The normalization simply divides each vector component by the vector's Euclidean length, i.e. the square root of the sum of the squares of the vector components.  Note that this normalization step differs from that in the reading I assigned in Mining the Web: Discovering Knowledge from Hypertext Data.  Instead it follows the original paper by Kleinberg.  Note that  (anew = ET h) is simply the calculation anew[i] = SUM k (E[k,i] *h[k]) for the n values of i and (hnew = E a )  is simply the calculation hnew[i] = SUM k (E[i,k] *a[k]) for the n values of i.

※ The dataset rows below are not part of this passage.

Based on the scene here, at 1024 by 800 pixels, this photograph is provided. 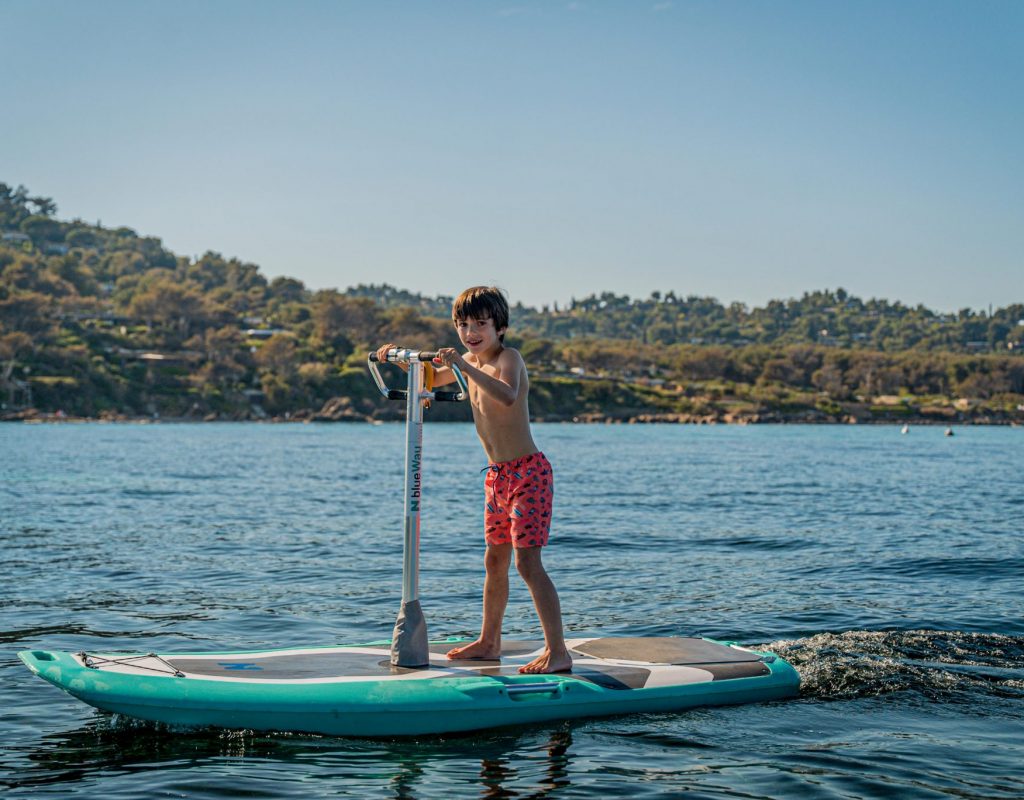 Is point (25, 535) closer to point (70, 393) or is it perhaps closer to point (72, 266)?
point (70, 393)

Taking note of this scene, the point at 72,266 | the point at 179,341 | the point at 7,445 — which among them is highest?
the point at 72,266

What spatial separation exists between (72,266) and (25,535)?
183 m

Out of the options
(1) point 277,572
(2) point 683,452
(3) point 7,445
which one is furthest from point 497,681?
(3) point 7,445

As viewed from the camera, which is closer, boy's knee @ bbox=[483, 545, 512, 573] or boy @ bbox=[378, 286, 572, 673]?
boy @ bbox=[378, 286, 572, 673]

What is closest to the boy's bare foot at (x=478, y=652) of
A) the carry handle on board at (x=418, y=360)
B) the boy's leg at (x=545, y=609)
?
the boy's leg at (x=545, y=609)

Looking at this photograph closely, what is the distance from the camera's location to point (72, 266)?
187000 mm

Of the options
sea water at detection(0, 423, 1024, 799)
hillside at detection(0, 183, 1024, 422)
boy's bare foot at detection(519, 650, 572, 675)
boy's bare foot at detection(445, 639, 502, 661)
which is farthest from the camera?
hillside at detection(0, 183, 1024, 422)

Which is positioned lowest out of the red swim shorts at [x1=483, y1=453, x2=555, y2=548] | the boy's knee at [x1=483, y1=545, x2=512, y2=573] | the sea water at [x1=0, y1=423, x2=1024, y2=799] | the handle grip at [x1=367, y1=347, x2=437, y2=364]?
the sea water at [x1=0, y1=423, x2=1024, y2=799]

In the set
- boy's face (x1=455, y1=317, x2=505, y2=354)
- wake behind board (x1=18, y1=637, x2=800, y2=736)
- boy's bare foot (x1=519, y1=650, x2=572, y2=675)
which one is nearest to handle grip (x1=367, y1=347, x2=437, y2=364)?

Parameter k of the sum ranges over all n values.

The pagerank algorithm:
Let pr denote the vector of n pagerank values of the n nodes in the graph, q be the "random jump"  parameter, and tk be the outdegree of vertex k. 
initialize pr = (1/n , 1/n, ... , 1/n)T ;
repeat until convergence {

for i from 1 to n {
pr[i]newq/n + (1- q) * SUM k  (E[k,i] * ( pr[k] / tk ) )
}
pr  = prnew ;
}

Using this update formula, the components of pr always sum to 1, as one wants if pr represents the probabilities of being at the different vertices.  No normalization step is necessary.